What you need to do - Instruction for the entries below: return the part that opens with the line containing "be nordic Żółw hauke – zabawka dla psa 34 cm be" and closes with the line containing "Bài 9. Hai cây phong", exactly, and no pictures.

Data for analysis -
=== Section Start ===

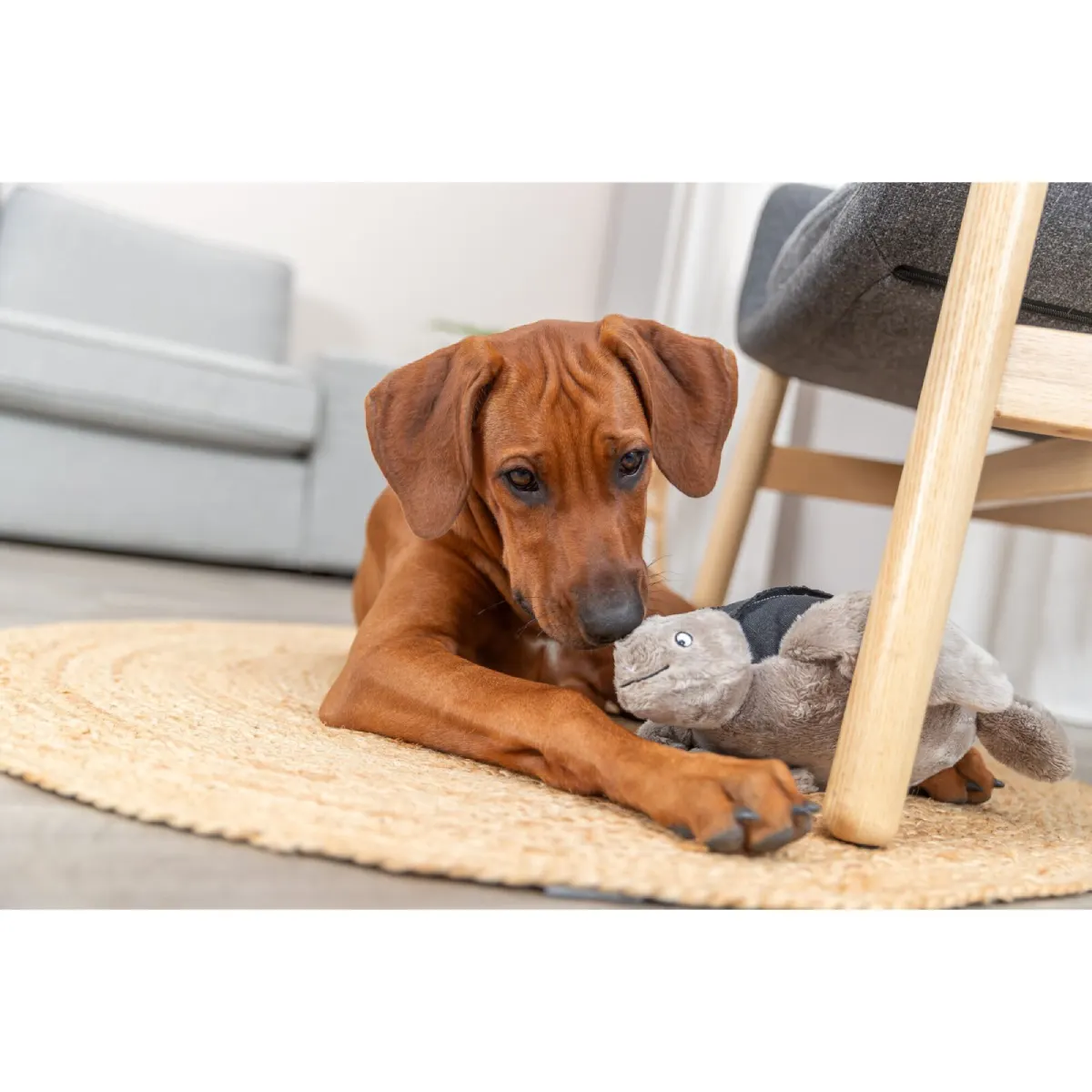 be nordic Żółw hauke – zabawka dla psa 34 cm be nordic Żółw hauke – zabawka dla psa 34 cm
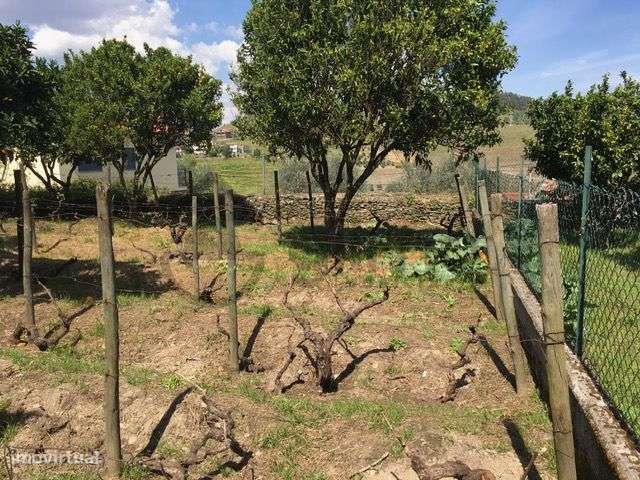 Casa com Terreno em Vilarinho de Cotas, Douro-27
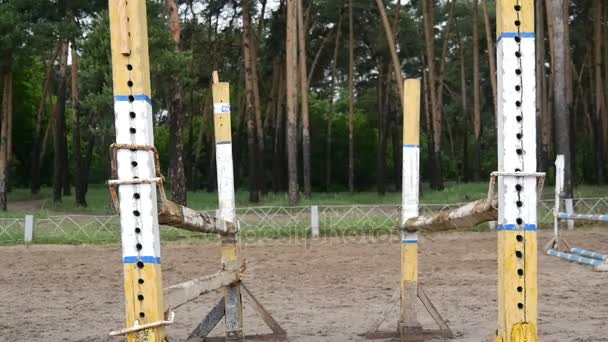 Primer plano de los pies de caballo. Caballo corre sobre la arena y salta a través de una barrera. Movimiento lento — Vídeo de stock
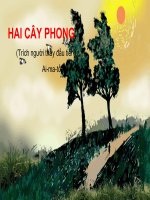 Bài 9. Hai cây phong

=== Section End ===
=== Section Start ===

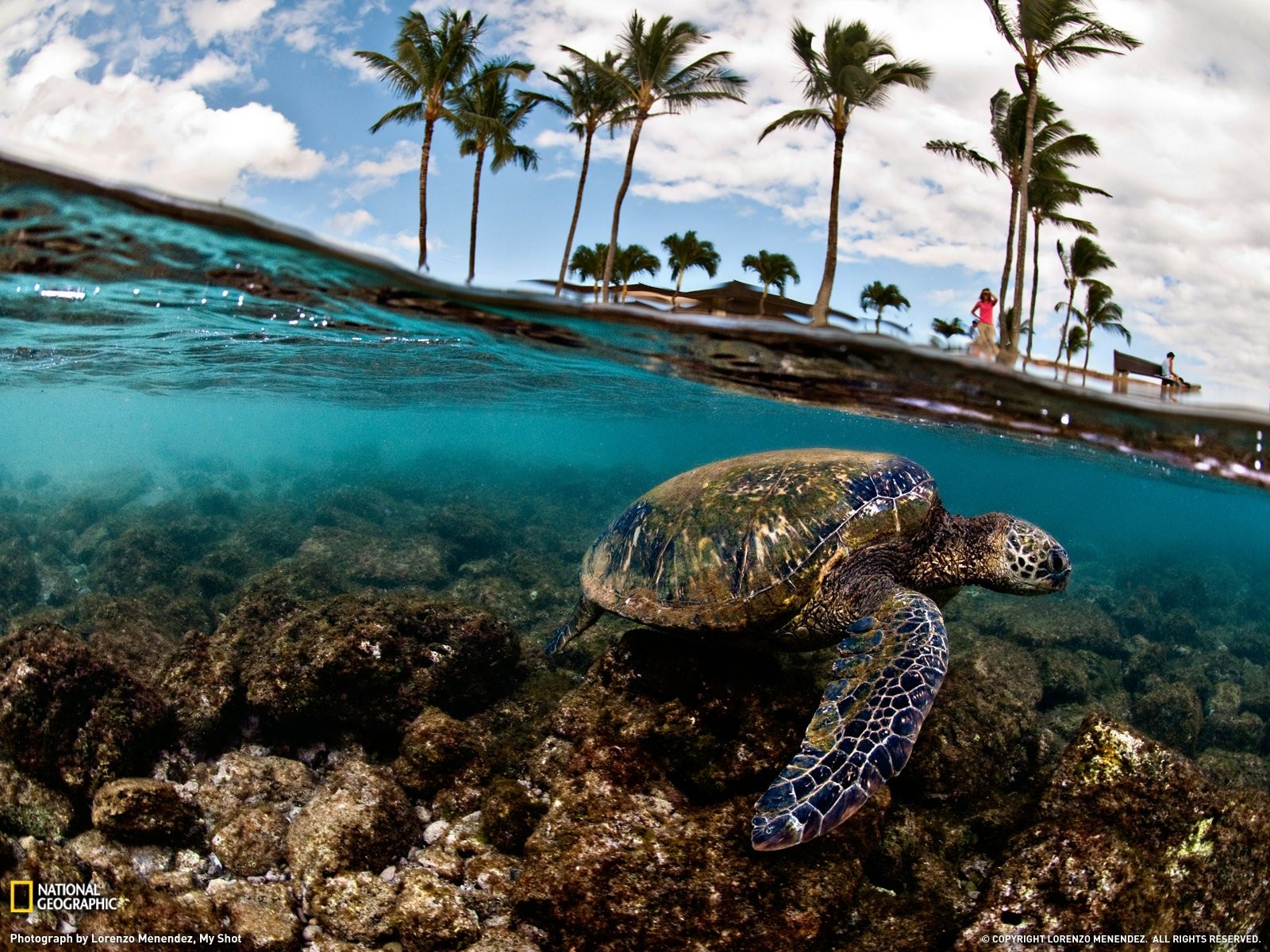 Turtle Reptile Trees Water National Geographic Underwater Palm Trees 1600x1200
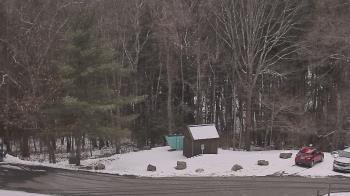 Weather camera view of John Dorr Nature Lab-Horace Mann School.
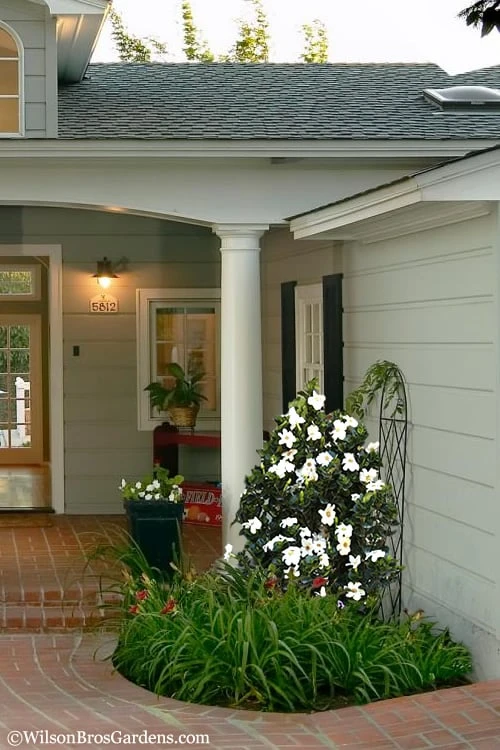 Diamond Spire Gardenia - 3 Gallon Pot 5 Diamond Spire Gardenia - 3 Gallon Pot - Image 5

=== Section End ===

Answer to this exercise -
 be nordic Żółw hauke – zabawka dla psa 34 cm be nordic Żółw hauke – zabawka dla psa 34 cm
 Casa com Terreno em Vilarinho de Cotas, Douro-27
 Primer plano de los pies de caballo. Caballo corre sobre la arena y salta a través de una barrera. Movimiento lento — Vídeo de stock
 Bài 9. Hai cây phong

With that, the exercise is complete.